Slaves, lacking an abundance of love and affection. We work for the landscape and buy into our insecurities. That we're ugly, getting old, and we'll die without anything to show for it. Just make it pretty, that'll fix it. Buy something, that'll give us value.
We need our own because it make us worth something. Anything! We're stuck in our heads, unable to express our thoughts. We need walls because nobody gets us. That if we make our own and provide for our children, that we'll have something. There's an option; own more, be important. Except those kids want stimulus and we don't have the time or money. Nobody will provide for them but us. We want them to be safe and healthy, they are proof of our self.
We need to own.
We've taught and learned that perspective.
But all we need is love.
Something that can't be bought.
"It's mine"
The nature of ownership is false. We don't own anything.
It's been burned into our minds, we can own everything, even each other. Get married, own another person's sexuality in exchange for a legally binding share of property.

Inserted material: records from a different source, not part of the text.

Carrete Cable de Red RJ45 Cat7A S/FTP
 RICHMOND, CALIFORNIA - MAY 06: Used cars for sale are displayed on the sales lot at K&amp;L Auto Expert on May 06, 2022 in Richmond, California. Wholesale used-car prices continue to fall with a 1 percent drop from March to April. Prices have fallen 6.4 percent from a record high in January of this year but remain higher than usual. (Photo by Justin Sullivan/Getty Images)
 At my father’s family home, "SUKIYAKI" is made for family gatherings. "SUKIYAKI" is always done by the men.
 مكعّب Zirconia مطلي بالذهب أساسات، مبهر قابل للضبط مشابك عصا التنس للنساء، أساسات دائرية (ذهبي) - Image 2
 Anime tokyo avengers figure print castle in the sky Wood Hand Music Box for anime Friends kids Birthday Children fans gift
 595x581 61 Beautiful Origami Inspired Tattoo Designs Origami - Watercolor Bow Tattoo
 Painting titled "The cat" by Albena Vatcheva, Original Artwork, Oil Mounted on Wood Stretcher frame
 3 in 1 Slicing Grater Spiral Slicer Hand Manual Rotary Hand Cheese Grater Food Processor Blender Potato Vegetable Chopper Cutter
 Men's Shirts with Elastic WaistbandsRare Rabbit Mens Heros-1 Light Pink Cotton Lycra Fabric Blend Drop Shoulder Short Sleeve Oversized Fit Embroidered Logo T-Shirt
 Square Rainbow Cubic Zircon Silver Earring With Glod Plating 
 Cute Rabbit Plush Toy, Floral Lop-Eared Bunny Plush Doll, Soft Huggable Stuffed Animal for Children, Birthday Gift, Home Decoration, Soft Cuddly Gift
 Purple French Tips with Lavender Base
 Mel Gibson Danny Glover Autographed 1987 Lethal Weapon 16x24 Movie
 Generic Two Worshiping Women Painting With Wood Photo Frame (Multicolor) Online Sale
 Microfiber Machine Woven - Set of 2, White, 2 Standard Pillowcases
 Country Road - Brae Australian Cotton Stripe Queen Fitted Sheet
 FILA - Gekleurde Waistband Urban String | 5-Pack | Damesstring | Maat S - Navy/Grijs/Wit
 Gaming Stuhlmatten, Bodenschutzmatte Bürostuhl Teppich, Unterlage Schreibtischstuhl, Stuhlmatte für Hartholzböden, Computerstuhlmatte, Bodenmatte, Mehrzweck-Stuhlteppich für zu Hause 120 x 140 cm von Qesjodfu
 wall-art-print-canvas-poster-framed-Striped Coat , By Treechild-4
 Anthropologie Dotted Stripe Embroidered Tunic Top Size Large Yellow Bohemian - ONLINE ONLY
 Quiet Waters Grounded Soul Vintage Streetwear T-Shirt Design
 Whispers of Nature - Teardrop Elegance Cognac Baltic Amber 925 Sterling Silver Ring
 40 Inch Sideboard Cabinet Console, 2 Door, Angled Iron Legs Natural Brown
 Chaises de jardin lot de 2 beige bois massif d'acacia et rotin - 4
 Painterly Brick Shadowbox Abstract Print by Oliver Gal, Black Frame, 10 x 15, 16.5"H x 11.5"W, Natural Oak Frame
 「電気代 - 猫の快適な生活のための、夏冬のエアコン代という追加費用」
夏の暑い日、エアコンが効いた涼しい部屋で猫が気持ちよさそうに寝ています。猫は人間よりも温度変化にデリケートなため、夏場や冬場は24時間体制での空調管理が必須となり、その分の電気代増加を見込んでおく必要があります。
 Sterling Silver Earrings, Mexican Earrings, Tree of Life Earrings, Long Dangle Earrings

That can't be right, can it?
Nah! Marriage is about love and the license to prove it. Who really cares about the proportions of property dispersment? Or why some stay committed to a loveless relationship? Or why we give incentives to those who participate in the institution? While homosexual and polyphilia-based relationships don't maintain the integrity of single person ownership. Which means they might share with too many people. They won't have to buy as much. Oh shit! That's down-right criminal. Not to mention dangerous to our economy.
Ah well, they're a minority. Their perspective doesn't count.
We'd like to think we own things, that we can control our locale through ownership. To be without chaos. To be at peace. We bend existence to our perspective, an accord of our own vision. No traffic or death. No waiting in line with the strangers, each and every one of them scheming against us.
Existence will always behave to its own accord, that's something we must accept.
No matter what neighborhood we buy a house in, we can still be robbed, killed, and burned to the ground. Life is temporary, but a thief will always exist if we can steal. Not that these things we own will hold their value very long; it too is temporary. All of it returning it's energy back to the realm of existence.
Everything is temporary.
Nothing belongs to me.
And I will share with my brothers and sisters. I will share with a thief. As there is nothing that separates me from them. I will make paradise among chaos.
We're here in observation of existence.
And it's my nature to make it more pleasant.